Hey everyone, so I've been riding my vintage 1996 Trek Mountain Track 800 for a little over a year now and I was wondering what upgrades I could do to it.

- Is it possible to get a newer groupset for this bike? and if so, can someone refer to me a link(s) where i can get them?

- Will this fork work on my bike? Exotic Rigid Carbon UD Finish Fork 1 inch Steerer 39 cm Disc V for MTB 26" | eBay

- For the fork, is it possible to install Cantilever brakes on a V-brake mount? them seem to be in almost identical spots.

Thanks ahead, I'm really loving my rigid mountain bike and even though it is really old, I've learned so much from riding it and I wanna just upgrade some parts to update it a little without having to get rid of the bike I've made some great memories with.

"love your bike and it will love you back." Kris (MTBtips) youtube.


----------



## MendonCycleSmith (Feb 10, 2005)

Personally, I would ride it as is, into the ground or when the wheels fall off, and buy a newer, better bike. 

Perfectly decent, absolute entry level, recreational style bike, (which there's nothing wrong with owning and riding I might add), but it's not going to be nearly as well suited to the trail as what I refer to as a "trail worthy" MTB.

Top tube is shorter, and the position far more upright are the common themes of your bike style. Great for comfy upright cruising around and light duty trail riding, but not really positioning the rider well for MTB riding as a sport.

Upgrading to anything better than what's on there, is a waste of money. If something breaks, and you're of modest means, certainly replace it with kind and keep on riding, but better parts? It'd be like one of those Plymouth Neons that get lowered, huge chrome wheels and rubber band thick tires, spoilers front and rear, a huge exhaust pipe and a thump system. You can dress it up, but it's still a POS Neon...... 

And yes, V brakes and cantis can go on the same mounts, as for the fork, I'd need more info to be of use, but see my comments above about anything better on that bike. 

Have fun, and start saving your pennies!


----------



## Brandon Lew (Jul 3, 2013)

It's quite strange how the geometry of my Trek is quite different from the ones I see online so to be totally honest, even though it is an entry level bike, I doesn't sit that high. I've seen some that look like tall standing semi road bikes, however mine is a lot more low profile and more aggressive looking than what I see online. 

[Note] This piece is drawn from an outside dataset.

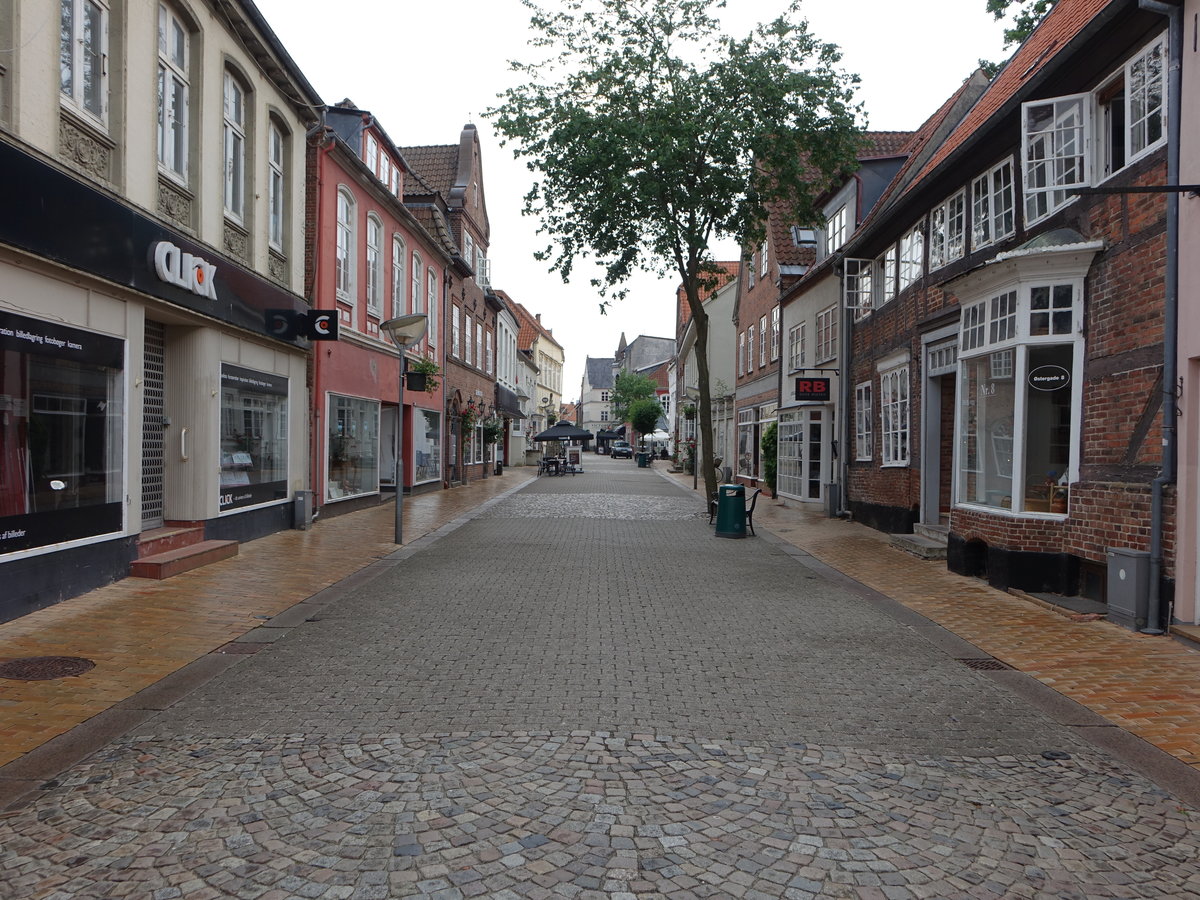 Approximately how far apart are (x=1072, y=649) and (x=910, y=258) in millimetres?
9251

Anyways, the fork is suppose to be a 1 in steerer fork with v - brake mounts. My bike I think is 1 in, all I know about my headset is 1 in YST 8002 or something, but I don't know whether carbon 1in steerer fork is compatible with my bike or not since I'm not bike savy or know a lot mechanically


----------



## MendonCycleSmith (Feb 10, 2005)

Someone may have swapped out the upright bars and stem for lower/flatter. It's still going to be at least an inch or so shorter in TT length than a comparable sized, say, 930 from the same time. Translates into more upright, as well as the front wheel being closer to you, thus, more endo prone once you start to really use the bike as intended. 

If the fork is an alloy steerer, or steel, and threaded, it may work, but could be different in a number of ways that will lead you down a rabbit hole of hassle. 

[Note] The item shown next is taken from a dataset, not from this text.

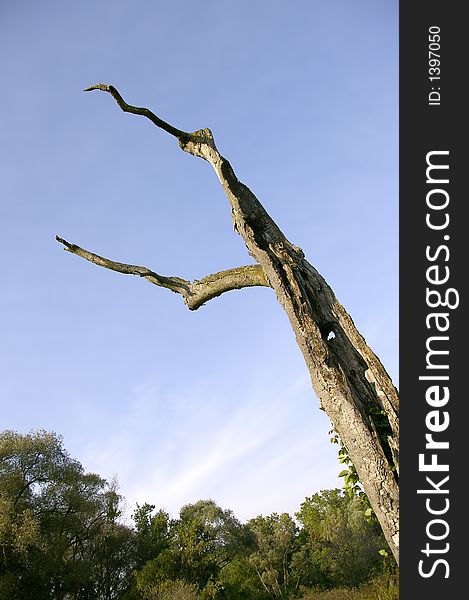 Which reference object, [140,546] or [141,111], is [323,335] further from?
[140,546]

Unless your current one is broken, I'd not bother, and if you need a fork replaced, I'd talk to a local shop about it, too many variables like crown press diameter, axle to crown, threaded vs threadless, length of thread if threaded, cable housing stop mounts, etc, as well as several specialty tools to to certain aspects of the installation to just buy a fork and pop it on.

Ride it like you stole it, and buy a better bike down the road if you're having a good time in the woods! Like the look and feel of older bikes? This is the place to get your stoke on, but bikes that sold for $300 BITD won't get much love, kinda like how there's not too many fan sites for Chevy Citations or Chevettes.....


----------